Prof. Dr. Jaeni, S.Sn., M.Si.: Memajukan Budaya Lewat CSR Karsa Budaya Prima

Indonesia punya kekayaan budaya yang begitu beragam, hampir tak tertandingi. Setiap jengkal tanah air ini punya cerita, punya ekspresi khas yang menjadi identitas sekaligus kearifan lokal masyarakatnya. Tapi zaman terus berubah. Derasnya arus modernisasi dan globalisasi kerap menggerus perlahan-lahan warisan leluhur yang seharusnya tetap lestari. Di sinilah peran perusahaan melalui program Corporate Social Responsibility atau CSR menjadi kian penting. Bukan sekadar tanggung jawab, melainkan peluang strategis untuk ikut membangun ekosistem kebudayaan yang tangguh.

Sebagai landasan hukum, UU Pemajuan Kebudayaan Tahun 2017 telah menetapkan sepuluh Objek Pemajuan Kebudayaan disingkat OPK. Di dalamnya tercakup Tradisi Lisan, Manuskrip, Adat Istiadat, Ritus, Pengetahuan Tradisional, Teknologi Tradisional, Seni, Bahasa, Permainan Rakyat, dan Olahraga Tradisional. Semuanya adalah amanat negara untuk dilindungi, dikembangkan, dan dimanfaatkan. Tapi pertanyaannya, mana yang bisa diambil oleh perusahaan lewat program CSR mereka?

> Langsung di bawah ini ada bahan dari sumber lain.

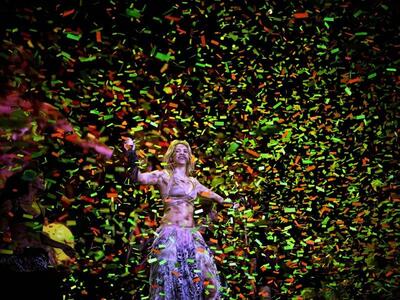 Ισπανία: Συναυλία της Σακίρα στην Βαρκελώνη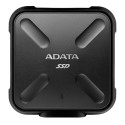 ADATA SD700 512 GB - SSD - USB 3.1 - black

Sebenarnya, semua objek budaya itu penting. Tapi perusahaan tentu perlu punya strategi. Mereka bisa memilih prioritas berdasarkan potensi pemberdayaan ekonomi, dampak sosial, dan tentu saja relevansinya dengan komunitas di sekitar lokasi operasi. Ambil contoh Pengetahuan Tradisional, Teknologi Tradisional, dan Seni lokal. Ketiganya punya peluang besar untuk dikembangkan jadi usaha mikro atau festival seni yang mendatangkan dampak ekonomi nyata. Dengan begitu, budaya tak cuma jadi kenangan, tapi juga sumber nafkah.

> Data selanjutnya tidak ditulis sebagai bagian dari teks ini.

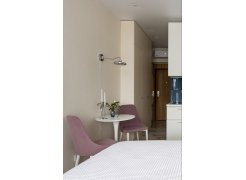 Стул на металлокаркасе Kora gray / black фото покупателя 352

Di sisi lain, upaya seperti inventarisasi Tradisi Lisan dan digitalisasi Manuskrip juga tak kalah genting. Ini soal menyelamatkan warisan yang hampir punah. Bayangkan naskah Babad Padjadjaran yang memuat kisah asal-usul Subang dan tokoh Subang Larang. Kalau tidak didokumentasikan dengan baik, bisa-bisa generasi mendatang tak lagi mengenalnya. Ini investasi jangka panjang untuk menjaga ingatan kolektif bangsa.